Die Väter und Mütter, die ihre Kinder in dieser Weise programmieren, sind im übrigen ganz normale Eltern, die ihre Kinder lieben und von ihnen geliebt werden wollen. Sie sind nicht zu verwechseln mit sexuell mißbrauchenden Eltern.
Als Begriff ist PAS in Deutschland noch nicht geläufig, doch kommen Scheidungsopfern die damit beschriebenen Gefühle bisweilen schmerzlich vertraut vor. Ursula Kodjoe berichtet vom Anruf einer Psychoanalytikerin, die ihren Sohn jahrelang nicht gesehen hatte und nach der Lektüre des Aufsatzes erklärte: "Jetzt weiß ich, worunter ich seit acht Jahren leide."
Psychologen, Sozialarbeiter und Juristen, die sich professionell mit Scheidungsfällen befassen, kennen das Szenario gut: Nach der Trennung funktioniert der Kontakt auch mit dem ausgezogenen Elternteil einigermaßen. Doch bald setzen die Verweigerungsrituale ein: Taucht "der andere" auf, ist das Kind krank oder gerade auf einem Kindergeburtstag. Dann beginnt die Buhl-und-Ausstech-Strategie: ihr Kindertheater gegen sein Kino, die Go-kart-Bahn gegen McDonald's.
Die anerzogene Ablehnung wird oft als glaubhafte Willensäußerung gedeutet
Der dritte Schritt ist der Entzug durch Wegzug, womöglich gleich ins Ausland. Zunächst sieht man einander nicht mehr regelmäßig, später werden auch Telefonate und Briefe seltener. Geburtstags- oder Weihnachtspäckchen werden an den Absender zurückgeschickt, Telefonnummern verändert oder geheimgehalten. Der ausgegrenzte Elternteil bekommt keine Fotos seiner Kinder mehr; die Kinder dürfen auch keine Fotos von ihm haben, taucht doch eines auf, wird es vernichtet.
Die Begründung der Kontaktverweigerung lautet stets: "Das Kind will dich nicht sehen/sprechen." Oder: "Die Kinder haben Angst vor dir." So gesellt sich zu dem vertrauten Argument: "Wenn die Mutter nicht will, kann man nichts machen" das neuere "Das Kind will es so". Niederschmetternd für den ausgegrenzten Elternteil: Richter, aber auch Gutachter und Sozialarbeiter interpretieren die vehemente Abweisung gern als glaubwürdige Willensäußerung des Kindes, obwohl sie eher als Ergebnis einer Programmierung zu erklären ist.
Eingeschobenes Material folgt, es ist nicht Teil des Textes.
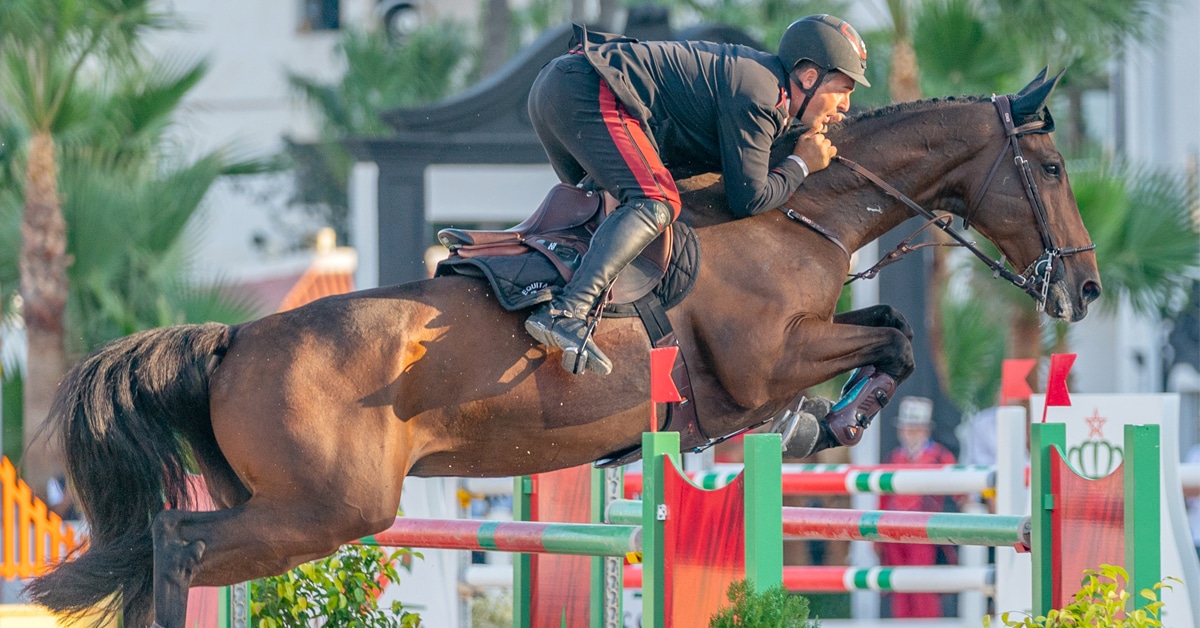 A horse and rider jumping a fence in Morocco.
Was geht in einem Kind vor, das seinem Vater oder seiner Mutter die Loyalität aufkündigt? Ursula Kodjoe schreibt: "Nach der Erfahrung der Trennung und dem Auszug eines Elternteils ist das Kind beherrscht von der Angst, auch den anderen zu verlieren. Kinder erleben das in etwa so: ,Die Mutter hat den Vater weggeschickt - wird sie mich auch wegschicken?' oder ,Der Vater ist gegangen, wird die Mutter eines Tages auch gehen?' Das Kind schlägt sich aus Sicherheitsbedürfnis und Abhängigkeit auf die Seite dessen, mit dem es lebt."
Je jünger das Kind, desto eher ergreift es die Partei des nahen Elternteils und wird dadurch "zumindest vorübergehend und oberflächlich aus der Unerträglichkeit des Loyalitätskonfliktes befreit". PAS-Kinder erleben einen Verlust, der dem Tod eines Elternteils gleicht; sie erleben den Verlust von Großeltern, Verwandten und Freunden und können noch nicht einmal trauern. PAS, summiert die Gardner-Schülerin Gisèle E. Kehl, "ist emotionaler Kindsmißbrauch".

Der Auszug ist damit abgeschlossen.